**Supplied material**

════════════════

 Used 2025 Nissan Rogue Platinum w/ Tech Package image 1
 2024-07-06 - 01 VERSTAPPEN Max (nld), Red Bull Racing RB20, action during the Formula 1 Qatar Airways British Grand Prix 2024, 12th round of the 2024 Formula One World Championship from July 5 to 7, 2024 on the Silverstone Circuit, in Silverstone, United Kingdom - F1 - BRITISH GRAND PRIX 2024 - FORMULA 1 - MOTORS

════════════════

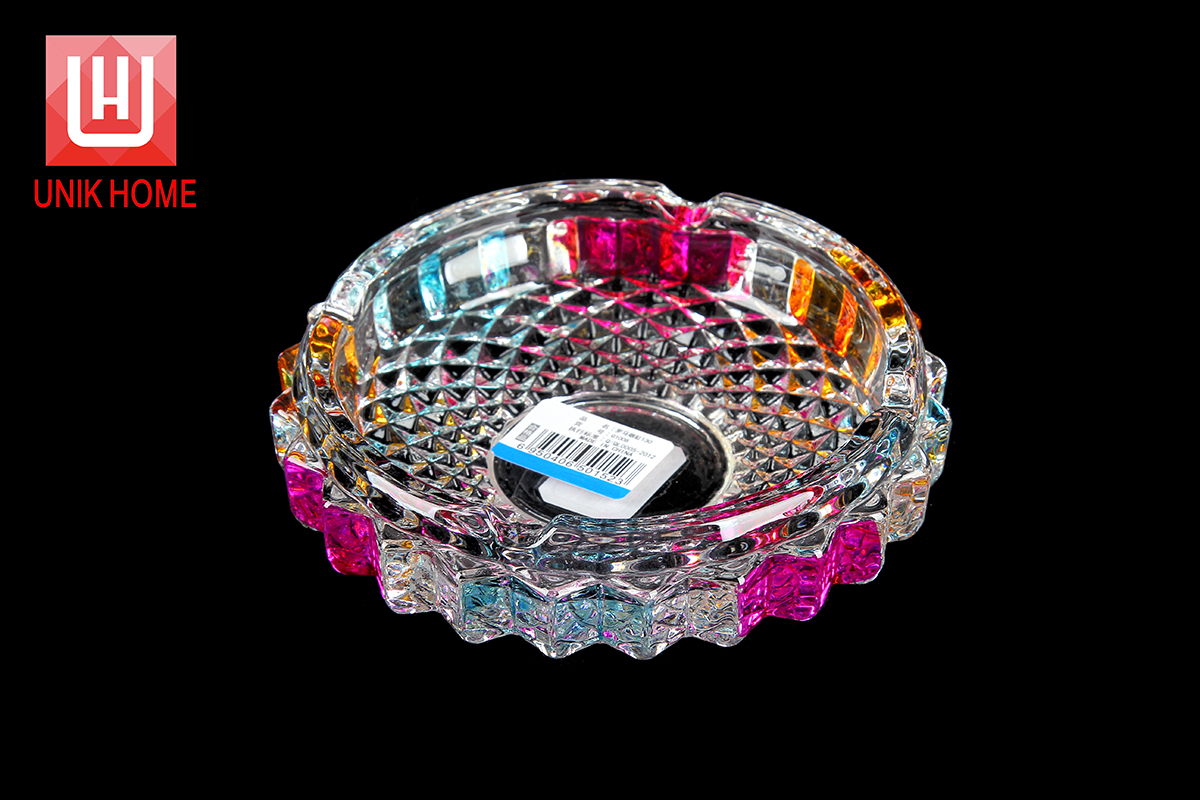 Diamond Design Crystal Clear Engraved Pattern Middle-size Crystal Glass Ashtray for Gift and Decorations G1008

════════════════

**Problem to solve**
Print exactly the lines above, between the one holding "Used 2025 Nissan" and the one holding "2024-07-06 - 01", inclusive, and nothing besides.

**Exercise result**
 Used 2025 Nissan Rogue Platinum w/ Tech Package image 1
 2024-07-06 - 01 VERSTAPPEN Max (nld), Red Bull Racing RB20, action during the Formula 1 Qatar Airways British Grand Prix 2024, 12th round of the 2024 Formula One World Championship from July 5 to 7, 2024 on the Silverstone Circuit, in Silverstone, United Kingdom - F1 - BRITISH GRAND PRIX 2024 - FORMULA 1 - MOTORS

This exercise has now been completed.